Data block »

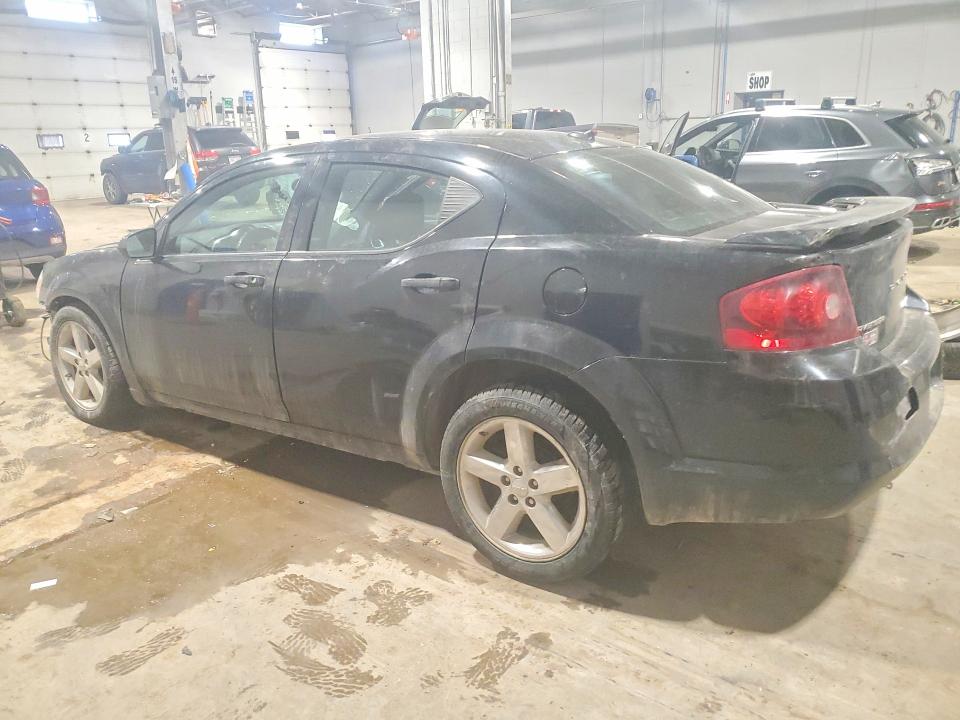 77950965 :رقم المزاد ، 1C3CDZCB5EN102895 vin ، 2014 Dodge Avenger مزاد بيع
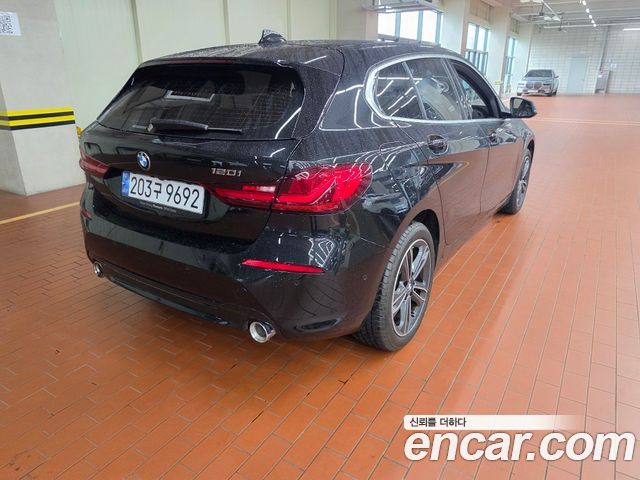 BMW 1-Series F40 120i Sports - фото 3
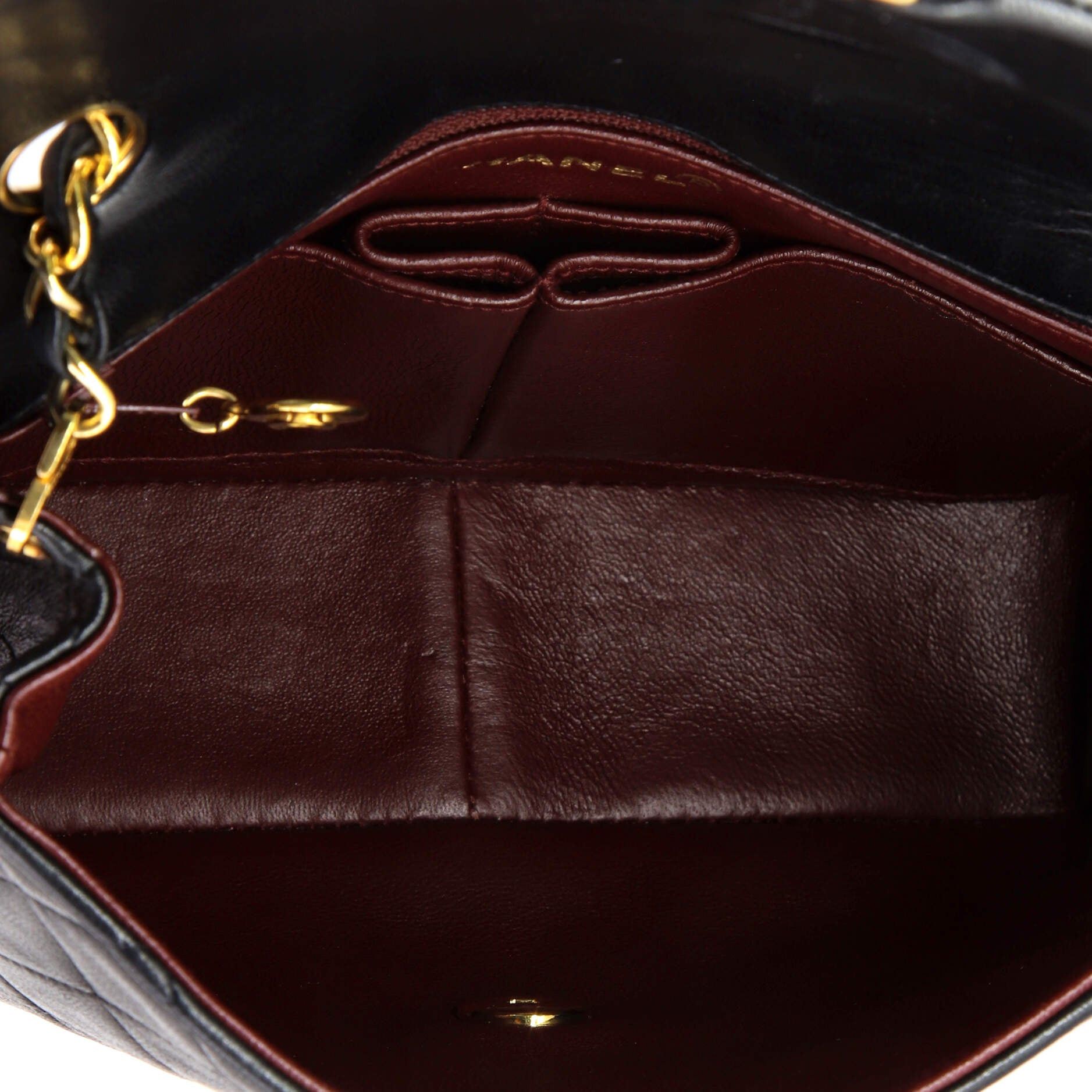 Chanel Vintage Square Classic Flap Bag Size ONE SIZE - 5 Thumbnail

Task details » Beginning with the line that has "BMW 1-Series F40 120i Sports - фото 3", repeat each remaining line of the data above word for word, keeping pictures out.

Solution for this problem »
 BMW 1-Series F40 120i Sports - фото 3
 Chanel Vintage Square Classic Flap Bag Size ONE SIZE - 5 Thumbnail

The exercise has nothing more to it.